Pytorch之数据加载以及处理
前言
汲取自pytorch-DATA LOADING AND PROCESSING TUTORIAL
这里主要介绍了数据集的处理,从类的构造角度阐述了如何自己打造各个函数,不过到最后还是给出了pytorch自带的包,给我们省了不少事
包的导入
Dataset class
torch.utils.data.Dataset 是一个表示数据集的抽象类
我们自定义的dataset需要继承Dataset并且重载以下的方法
- __len__ ,即可调用len(dataset)返回数据集的大小
- __getitem__ ,即可使用dataset[i]访问数据集
例子:
class FaceLandmarksDataset(Dataset):
"""Face Landmarks dataset."""
def __init__(self, csv_file, root_dir, transform=None):
"""
Args:
csv_file (string): Path to the csv file with annotations.
root_dir (string): Directory with all the images.
transform (callable, optional): Optional transform to be applied
on a sample.
"""
self.landmarks_frame = pd.read_csv(csv_file)
self.root_dir = root_dir
self.transform = transform
def __len__(self):
return len(self.landmarks_frame)
def __getitem__(self, idx):
img_name = os.path.join(self.root_dir,
self.landmarks_frame.iloc[idx, 0])
image = io.imread(img_name)
landmarks = self.landmarks_frame.iloc[idx, 1:].as_matrix()
landmarks = landmarks.astype('float').reshape(-1, 2)
sample = {'image': image, 'landmarks': landmarks}
if self.transform:
sample = self.transform(sample)
return sample
Transforms
许多神经网络需要同样大小的图像,因此,我们需要写一些预处理的代码来。比如
- Rescale: 缩放图片
- RandomCrop: 随机裁剪图片
- ToTensor: 把numpy图片转换成torch图片
注意写类的时候要定义__call__,这样才方便当成一个函数调用
样例代码:
class Rescale(object):
"""Rescale the image in a sample to a given size.
Args:
output_size (tuple or int): Desired output size. If tuple, output is
matched to output_size. If int, smaller of image edges is matched
to output_size keeping aspect ratio the same.
"""
def __init__(self, output_size):
assert isinstance(output_size, (int, tuple))
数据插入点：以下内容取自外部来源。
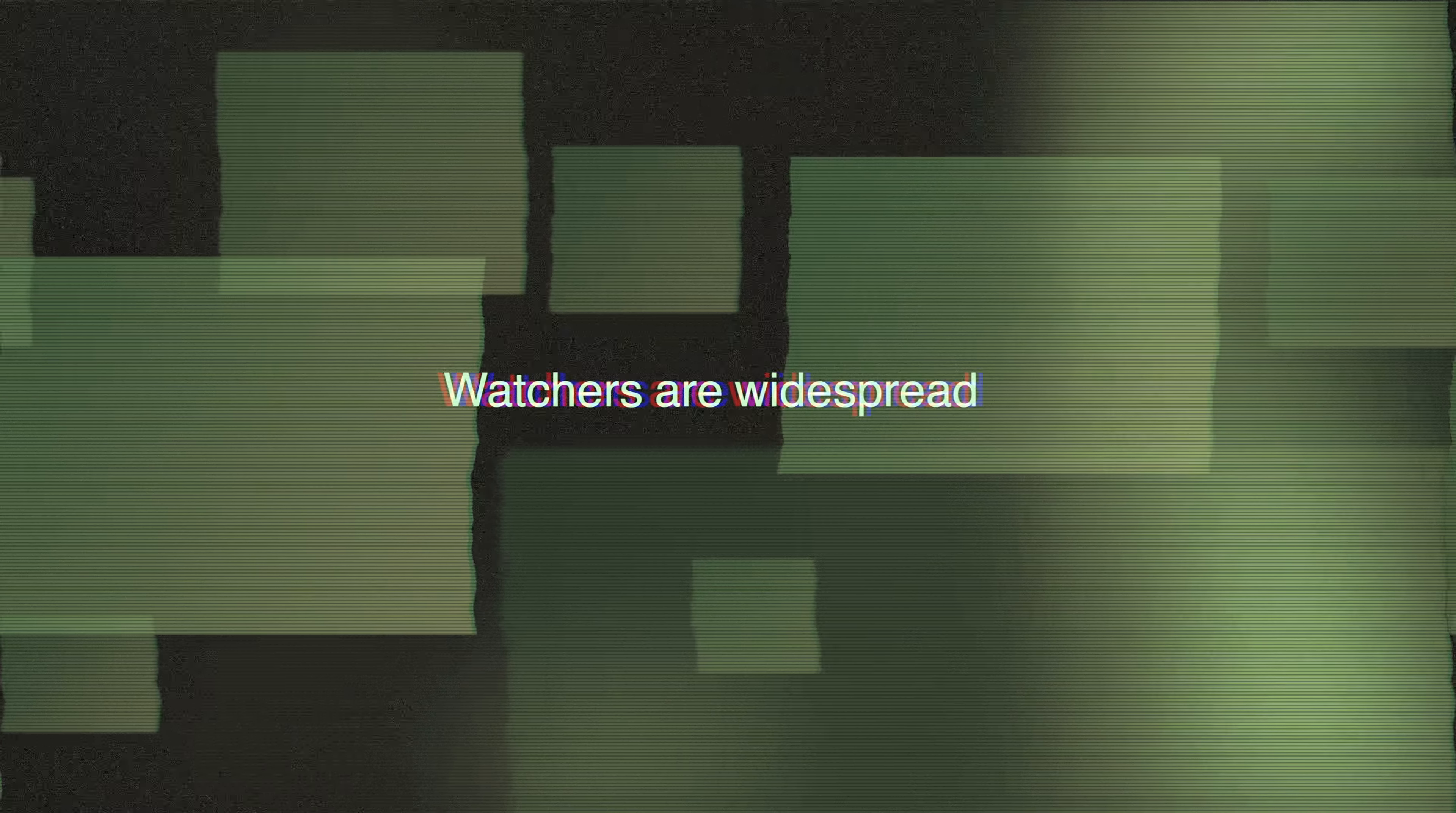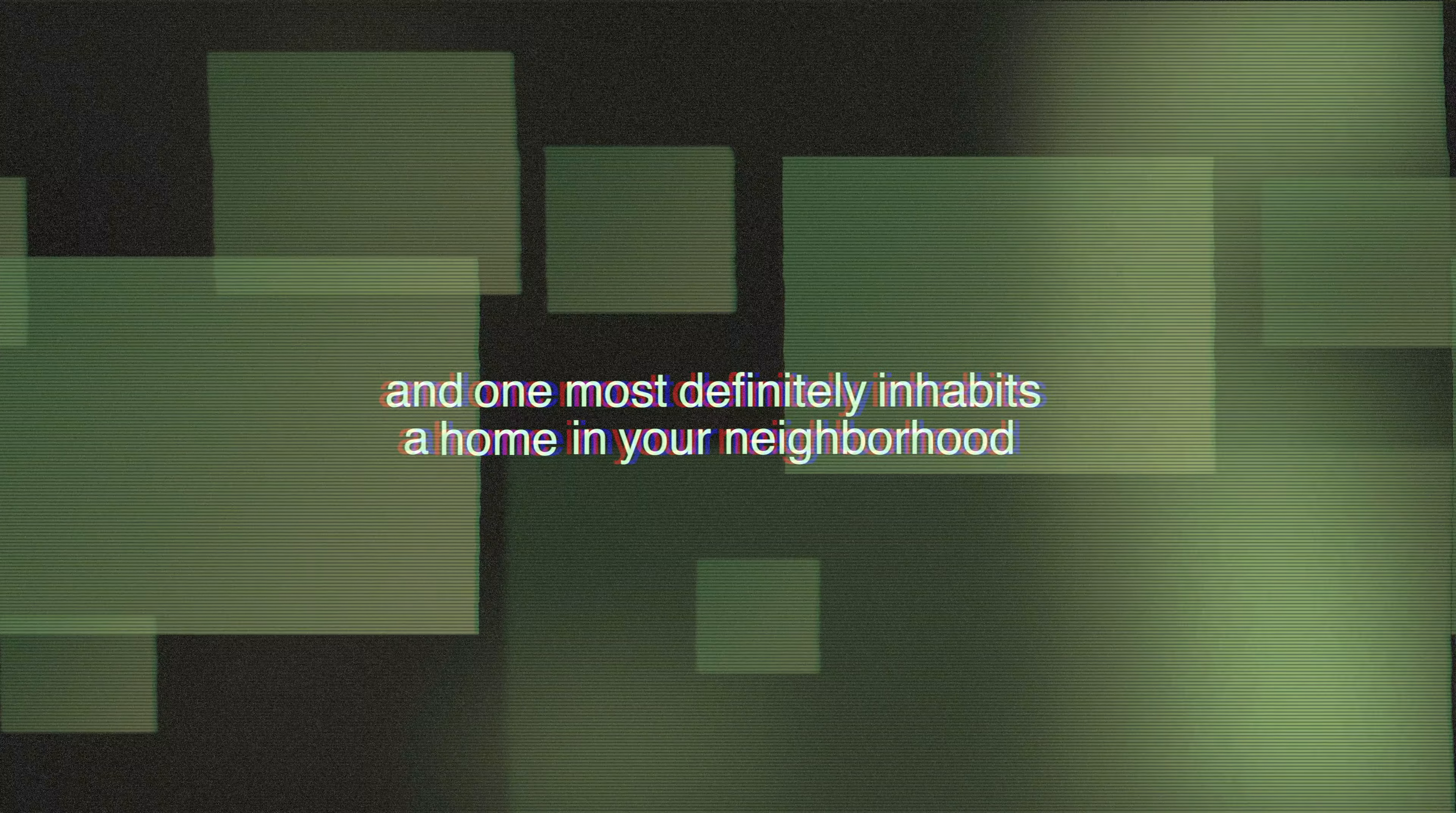This is simply false information. Watchers are widespread, and one most definitely inhabits a home in your neighborhood, likely even yours.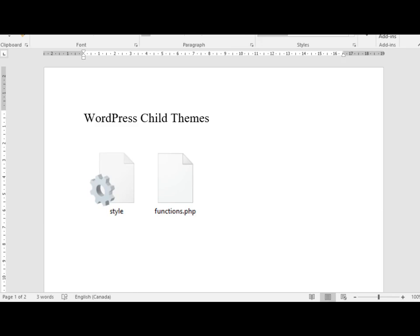Hello everyone, in this video I'm going to talk about WordPress child themes. Anytime you purchase a theme, you might have a child theme that comes with it as well, and it's a great feature. After installing the theme, you need to install the child theme and activate it.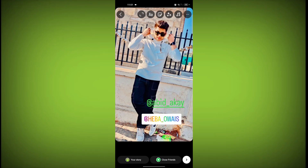In this way you can tag someone, or more than one person, on your story. Thanks for watching — subscribe to Tech Store.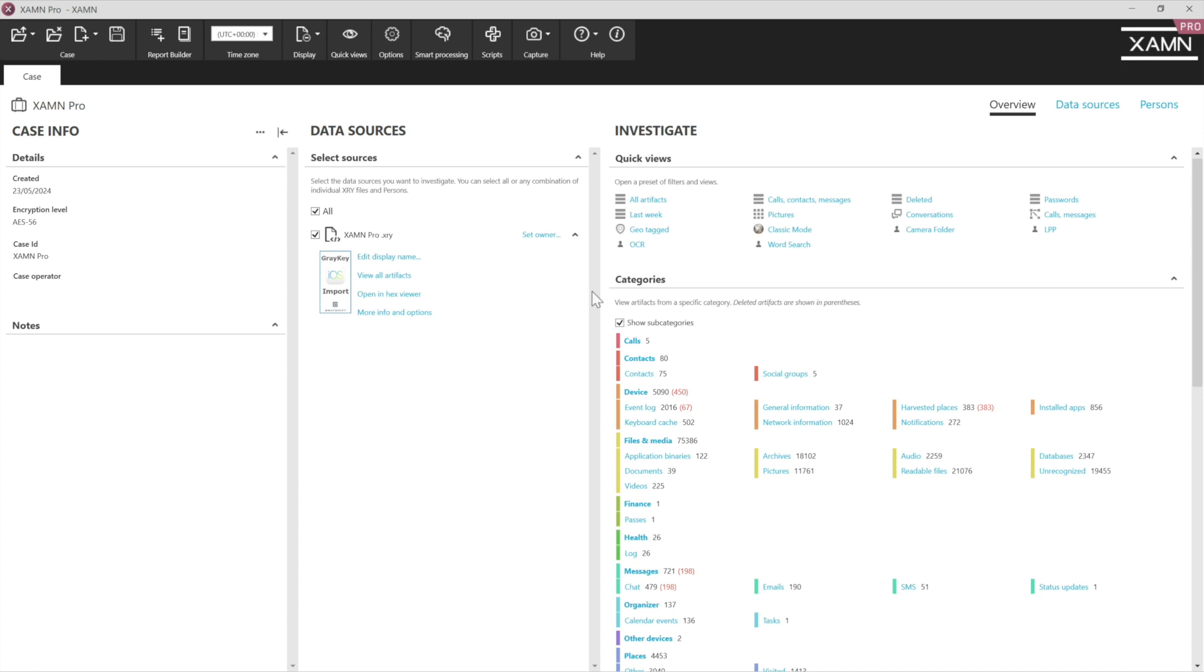Hello and welcome back to our Examine mini-series on MSAB Monday. I'm Adam Furman, Tech Evangelist here at MSAB. Today we are looking at Examine's superpower and that is filters.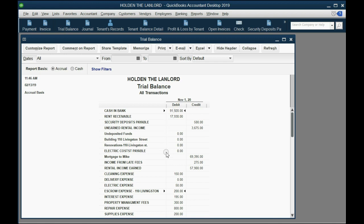If you look at the loan balance right now, what is it? Mortgage to Mike, it's now down to $69,395, which means if we wanted to pay off the mortgage after the December 1 payment, this would be the amount we would have to pay.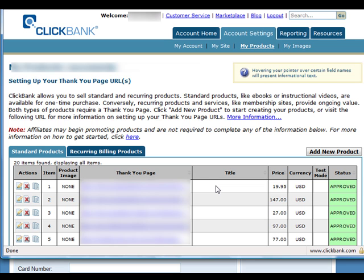And once it's okay with them, they will approve your merchant account. And you just have to pay a one-time fee of $39.95, and you can start accepting credit cards online using Clickbank.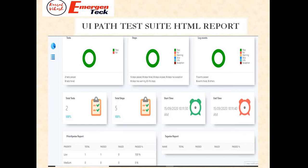Hello guys, welcome back to Emergent Tech. In today's topic, we are going to see how the HTML report looks after testing is done for any application. This is a very powerful and vital feature from a testing point of view, so let's see how it is.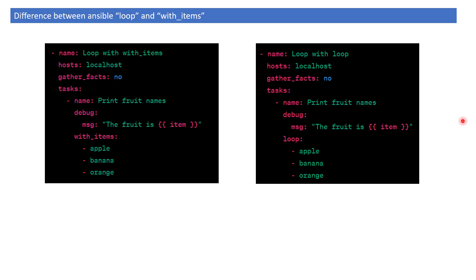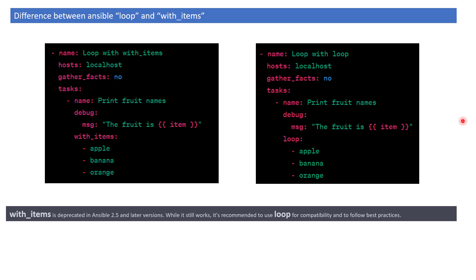With_items is actually deprecated from Ansible version 2.5 and above, so it's recommended to use loop. However, if you use with_items, it will still work because of backward compatibility, but you should avoid using it.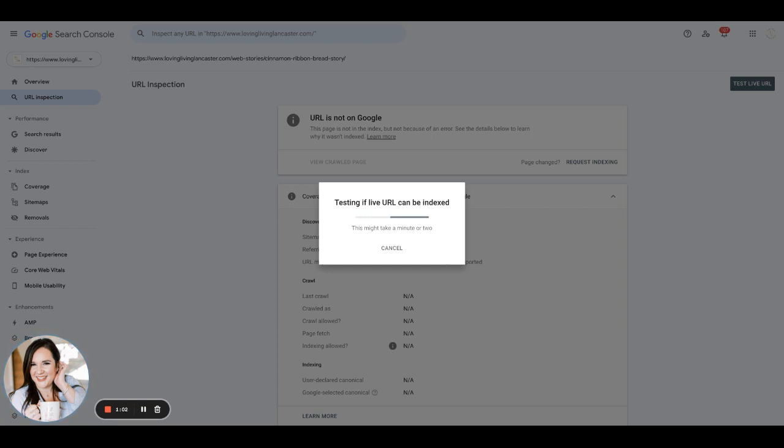So we recommend doing this a few times a week. But what we found is if you do this periodically throughout the week, the more often you do it, the more quickly Google seems to pick up your stories.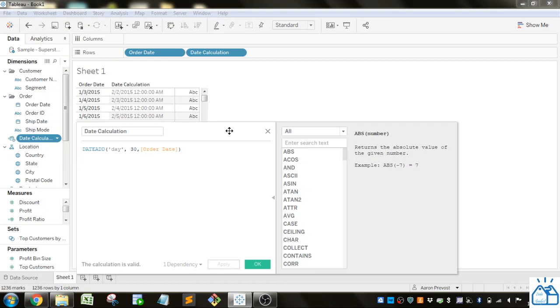Hello all, welcome to another quick learning. Today we're going to be going over date calculations in Tableau.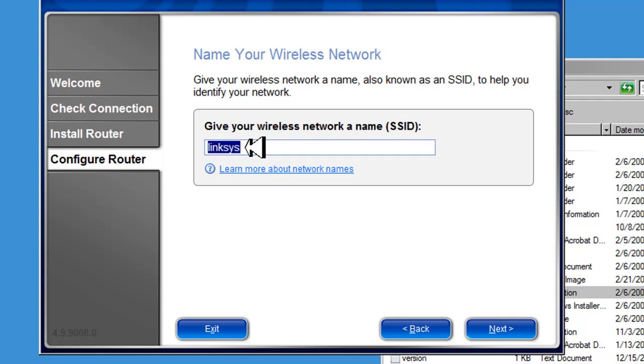For hackers, the less information they have, the better. So let's change this. Since it's a network name, we're going to just call it Network1, Net1 for short.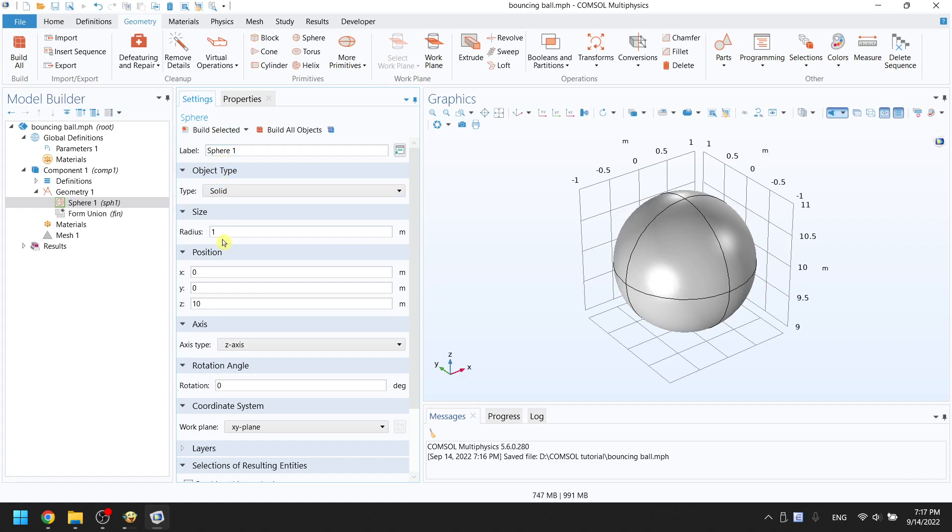Now, again, as a reminder, it is a good habit to use parameters. You want to put variables instead of numbers into the boxes.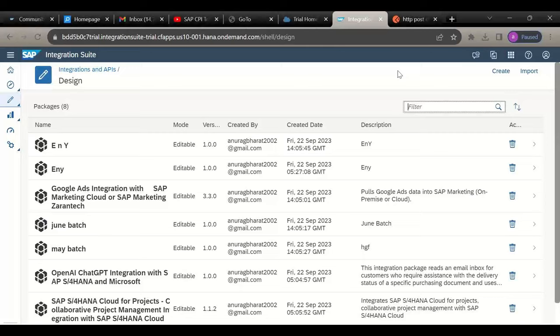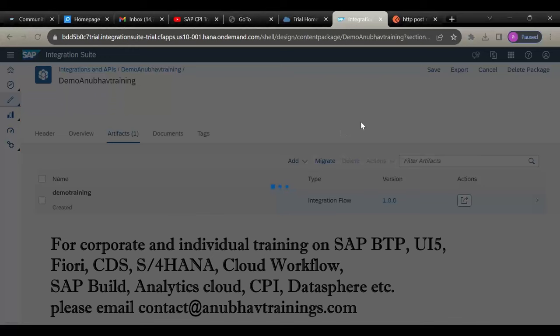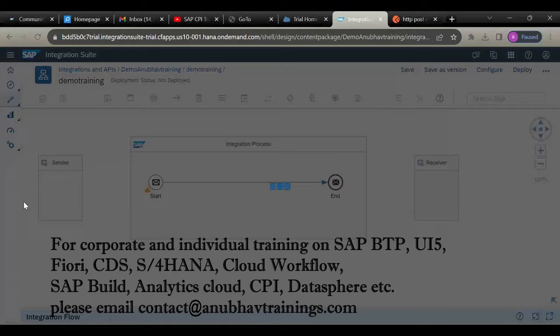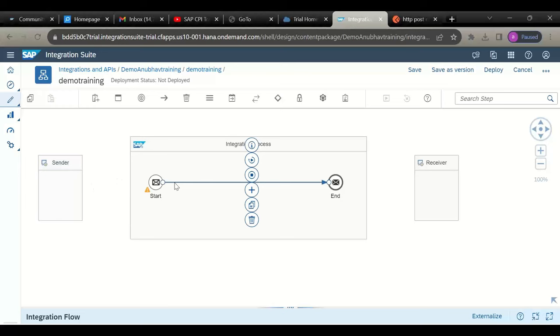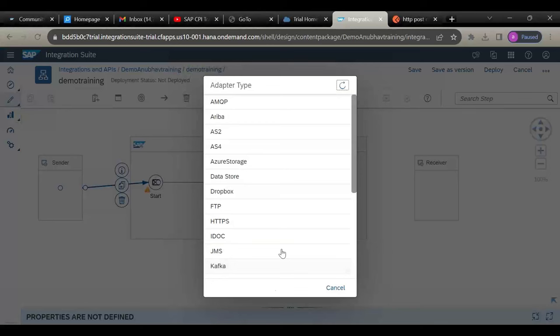Now let's go with the demo as promised. Hope you can see my screen. I am going to create a package and then create an iFlow — iFlow means integration flow — which is a part of CPI. Before creating the iFlow you need to create a package. What I'm doing is integrating Postman — Google's API tool — with Gmail. We are going to trigger data from Postman and it will go to Gmail, so you will receive the message in your Gmail inbox.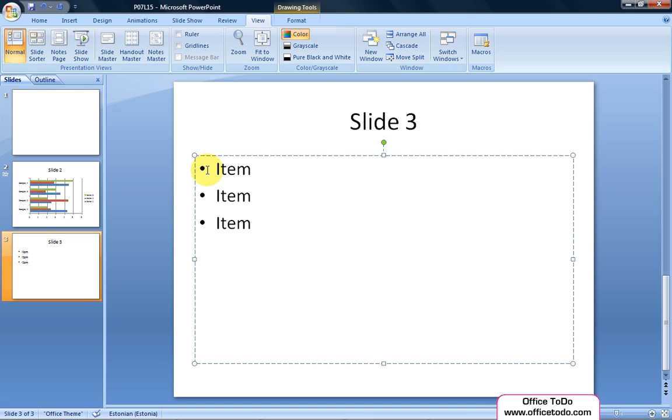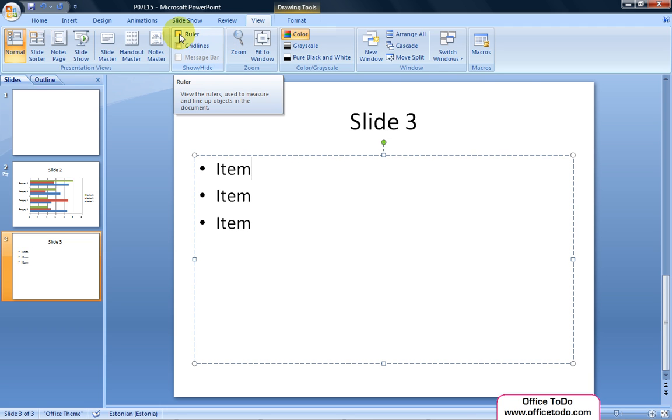Perhaps the easiest way in case of long lists is to use the ruler. If not present on your default view, go to the ribbon on the View tab and Show Height section. Tick in front of Ruler.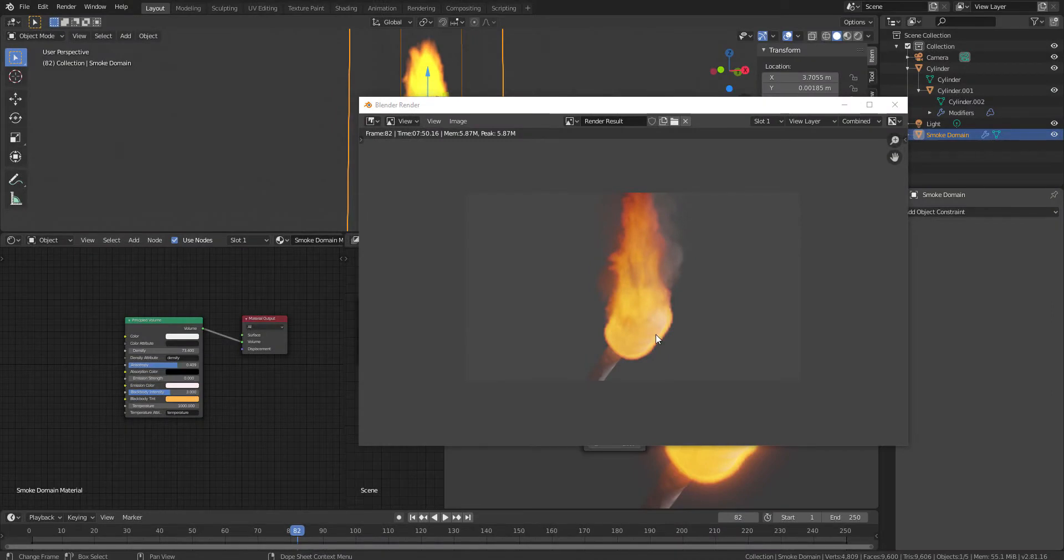Hello, welcome to StudioPixel. In this video, we are going to learn how to create a fire torch in Blender.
self.output_size = output_size
def __call__(self, sample):
image, landmarks = sample['image'], sample['landmarks']
h, w = image.shape[:2]
if isinstance(self.output_size, int):
if h > w:
new_h, new_w = self.output_size * h / w, self.output_size
else:
new_h, new_w = self.output_size, self.output_size * w / h
else:
new_h, new_w = self.output_size
new_h, new_w = int(new_h), int(new_w)
img = transform.resize(image, (new_h, new_w))
# h and w are swapped for landmarks because for images,
# x and y axes are axis 1 and 0 respectively
landmarks = landmarks * [new_w / w, new_h / h]
return {'image': img, 'landmarks': landmarks}
class RandomCrop(object):
"""Crop randomly the image in a sample.
Args:
output_size (tuple or int): Desired output size. If int, square crop
is made.
"""
def __init__(self, output_size):
assert isinstance(output_size, (int, tuple))
if isinstance(output_size, int):
self.output_size = (output_size, output_size)
else:
assert len(output_size) == 2
self.output_size = output_size
def __call__(self, sample):
image, landmarks = sample['image'], sample['landmarks']
h, w = image.shape[:2]
new_h, new_w = self.output_size
top = np.random.randint(0, h - new_h)
left = np.random.randint(0, w - new_w)
image = image[top: top + new_h,
left: left + new_w]
landmarks = landmarks - [left, top]
return {'image': image, 'landmarks': landmarks}
class ToTensor(object):
"""Convert ndarrays in sample to Tensors."""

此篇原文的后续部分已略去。